Mr Puggsly said:
EA is the only 3rd party that runs their own servers. This is what MS told GamesRadar.com... "So long as the expense of running servers and matchmaking systems has to be picked up by somebody, no online gaming service will ever be truly ‘free’. The cost of PSN and PC online gaming is typically picked up by developers and publishers. CoD4, for example, runs on similar systems on both console platforms, but is maintained by Microsoft on Live and by a dedicated third party company at Activision’s expense on PSN. Both play the same at your end and both work on a peer-to-peer system with a matchmaking layer to link players up, but on Live you pay for that layer, and on PSN they pay." Apparently there is a financial burden and MS is taking it on. http://www.gamesradar.com/xbox360/f/why-xbox-live-isnt-free/a-20080617101147502012/p-3 |
Ah, forgot about matchmaking. That basically ties into providing IDs across all games. It's a part of party chat, I suppose, given it facilitates joining a game alongisde your party.
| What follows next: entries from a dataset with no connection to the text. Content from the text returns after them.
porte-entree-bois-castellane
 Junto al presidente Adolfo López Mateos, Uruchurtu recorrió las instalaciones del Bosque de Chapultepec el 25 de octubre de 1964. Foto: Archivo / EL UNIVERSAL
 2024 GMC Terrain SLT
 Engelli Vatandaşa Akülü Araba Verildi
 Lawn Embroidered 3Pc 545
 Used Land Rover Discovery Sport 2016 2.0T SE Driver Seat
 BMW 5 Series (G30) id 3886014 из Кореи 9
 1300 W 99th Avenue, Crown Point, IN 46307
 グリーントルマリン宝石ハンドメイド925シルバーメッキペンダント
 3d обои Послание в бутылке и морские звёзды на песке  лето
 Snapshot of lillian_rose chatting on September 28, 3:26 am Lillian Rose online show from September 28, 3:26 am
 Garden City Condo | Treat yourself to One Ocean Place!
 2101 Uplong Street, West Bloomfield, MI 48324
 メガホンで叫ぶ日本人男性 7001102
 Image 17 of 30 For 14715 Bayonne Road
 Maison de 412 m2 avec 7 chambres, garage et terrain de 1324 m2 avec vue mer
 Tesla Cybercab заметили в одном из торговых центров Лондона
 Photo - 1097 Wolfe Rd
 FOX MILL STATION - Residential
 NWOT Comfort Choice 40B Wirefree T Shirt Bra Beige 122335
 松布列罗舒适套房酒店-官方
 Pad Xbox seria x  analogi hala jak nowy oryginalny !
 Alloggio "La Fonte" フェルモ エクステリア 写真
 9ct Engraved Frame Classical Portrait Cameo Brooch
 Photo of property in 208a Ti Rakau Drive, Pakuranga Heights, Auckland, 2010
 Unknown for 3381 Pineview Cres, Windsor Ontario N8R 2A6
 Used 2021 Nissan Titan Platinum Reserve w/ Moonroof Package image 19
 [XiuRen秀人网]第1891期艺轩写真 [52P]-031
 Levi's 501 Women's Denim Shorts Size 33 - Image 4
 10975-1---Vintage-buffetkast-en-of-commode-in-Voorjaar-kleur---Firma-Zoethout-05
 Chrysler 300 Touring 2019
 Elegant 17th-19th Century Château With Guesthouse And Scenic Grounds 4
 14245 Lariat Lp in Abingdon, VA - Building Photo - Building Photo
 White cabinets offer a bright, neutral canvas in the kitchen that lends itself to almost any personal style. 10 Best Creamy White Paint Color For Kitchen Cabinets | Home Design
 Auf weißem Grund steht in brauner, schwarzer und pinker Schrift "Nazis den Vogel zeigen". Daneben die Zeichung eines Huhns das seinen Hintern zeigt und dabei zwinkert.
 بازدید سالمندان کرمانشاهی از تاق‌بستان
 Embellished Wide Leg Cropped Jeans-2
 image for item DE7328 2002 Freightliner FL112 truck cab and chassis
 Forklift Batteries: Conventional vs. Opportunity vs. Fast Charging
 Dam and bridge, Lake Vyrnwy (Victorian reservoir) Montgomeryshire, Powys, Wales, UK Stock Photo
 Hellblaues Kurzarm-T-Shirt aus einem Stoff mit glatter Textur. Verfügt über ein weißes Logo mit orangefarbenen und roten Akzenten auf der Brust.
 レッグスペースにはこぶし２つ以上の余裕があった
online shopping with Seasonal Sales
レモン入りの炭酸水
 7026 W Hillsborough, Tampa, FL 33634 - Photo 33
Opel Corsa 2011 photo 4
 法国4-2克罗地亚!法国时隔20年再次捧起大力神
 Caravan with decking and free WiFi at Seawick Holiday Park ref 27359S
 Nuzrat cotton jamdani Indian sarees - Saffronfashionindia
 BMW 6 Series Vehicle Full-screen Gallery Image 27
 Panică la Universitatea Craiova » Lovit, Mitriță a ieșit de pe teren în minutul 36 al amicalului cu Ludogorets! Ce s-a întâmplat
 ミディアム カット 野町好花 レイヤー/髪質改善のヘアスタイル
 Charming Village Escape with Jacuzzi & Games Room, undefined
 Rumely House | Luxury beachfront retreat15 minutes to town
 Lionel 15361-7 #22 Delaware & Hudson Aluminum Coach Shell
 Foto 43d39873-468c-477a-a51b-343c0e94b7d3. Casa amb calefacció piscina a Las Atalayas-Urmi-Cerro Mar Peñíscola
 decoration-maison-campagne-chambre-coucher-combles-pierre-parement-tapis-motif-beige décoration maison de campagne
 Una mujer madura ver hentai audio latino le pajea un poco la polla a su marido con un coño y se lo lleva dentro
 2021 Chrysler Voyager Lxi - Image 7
However, matchmaking is a pretty small part of the overall online package, and it's not something all games support, nor is it something all games require. Developers could easily get away without providing such a feature, and sometimes the addition of such a feature is actually met with disappointment, as seen with the outrage over Killzone 3 replacing traditional server lists from Killzone 2 with a matchmaking setup. It's one of those features that "prior to such unified networks, they likely wouldn't have bothered with" anyway, as I said before.
And despite Microsoft supporting developers with such a feature, it does little to ensure the continuation of online play, as shown through EA discontinuing online play for past XBL-enabled titles.